1. How did COBIT 4.0 evolve?

It is the intention of the IT Governance Institute and through its COBIT Steering Committee, to continuously evolve the COBIT body of knowledge. To address that goal, over the past two years the committee has led research into several detailed aspects of the control objectives and the management guidelines. The research was based on the expertise and volunteer teams of ISACA members, COBIT users, expert advisors and academics. Local development groups of 6 to 10 experts in Brussels (Belgium), London (UK), Chicago (USA), Canberra (Australia), Cape Town (South Africa), Washington DC (USA) and Copenhagen (Denmark) convened, on average, two to three times per year to work on specific research or review tasks assigned by the COBIT Steering Committee. In addition, some specific research projects were assigned to business schools such as the University of Antwerp Management School (UAMS, Belgium) and the University of Hawaii (USA).

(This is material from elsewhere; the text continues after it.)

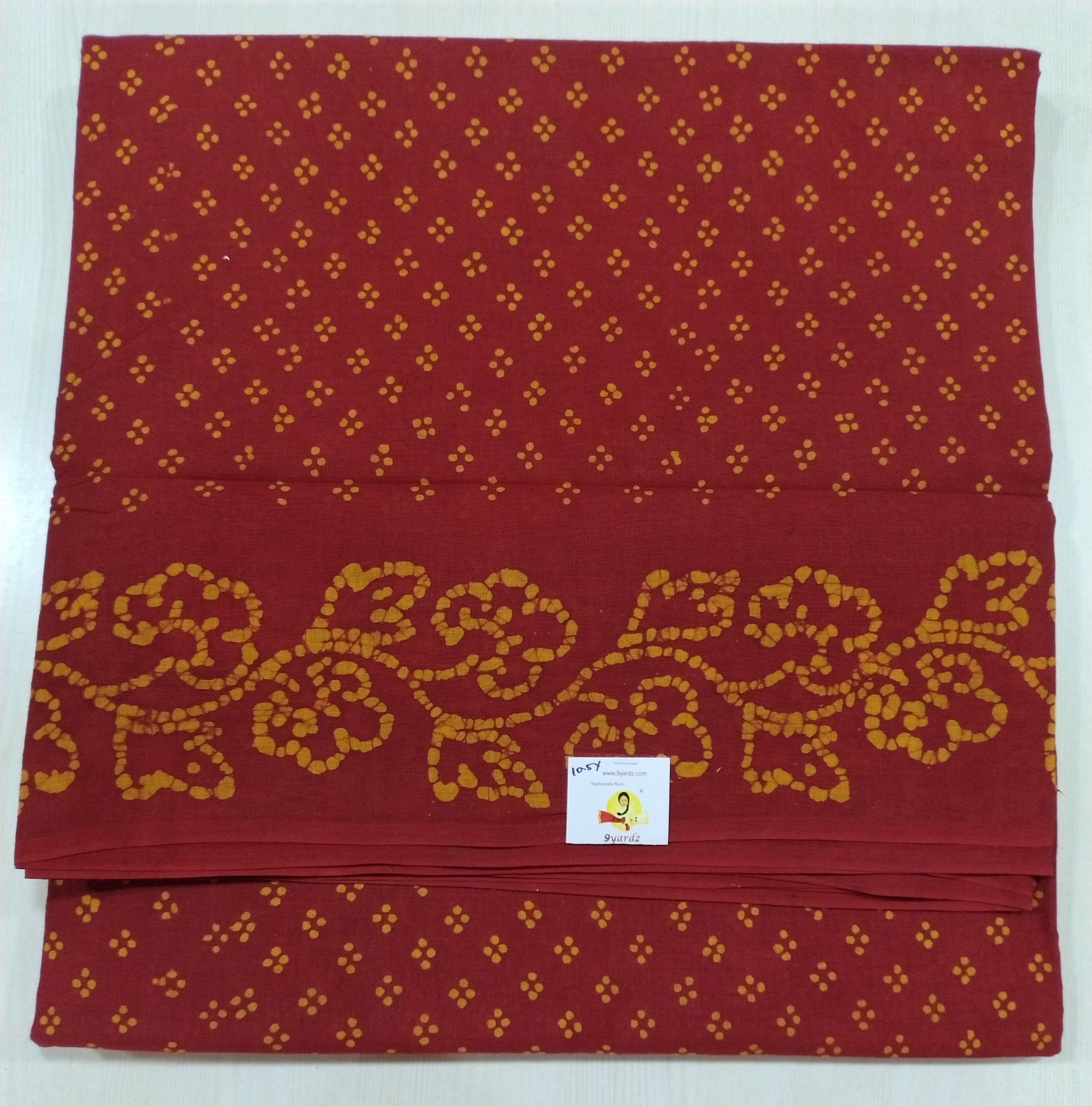 Sungudi 10.5 yards
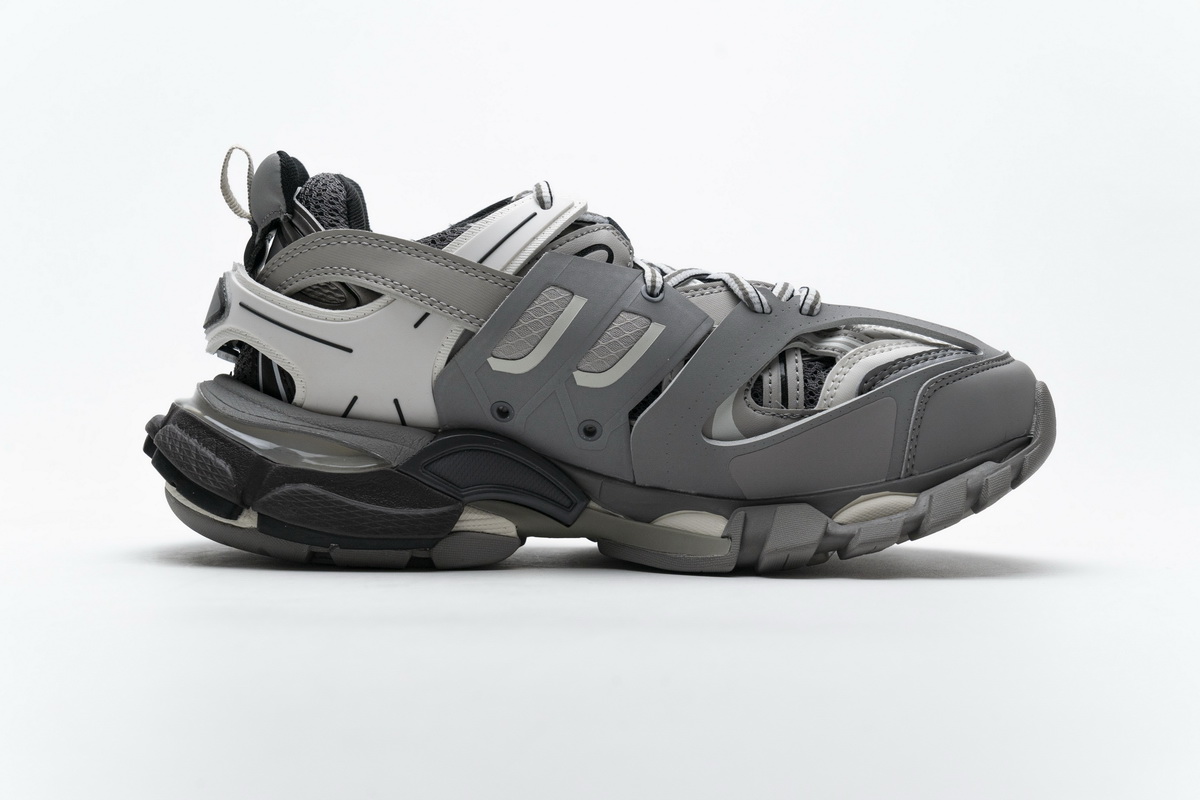 Balenciaga Track Grey White 555032 W1GB7 1214 (LED)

The results of these activities were fed to a number of large workshops of 40 to 50 international experts focusing on the control objectives, management guidelines and maturity model components of the framework. The COBIT Steering Committee consolidated all results and an exposure draft to more than 90 specialists completed the production process.

2. What changes have occurred in the business environment to spur an update of COBIT?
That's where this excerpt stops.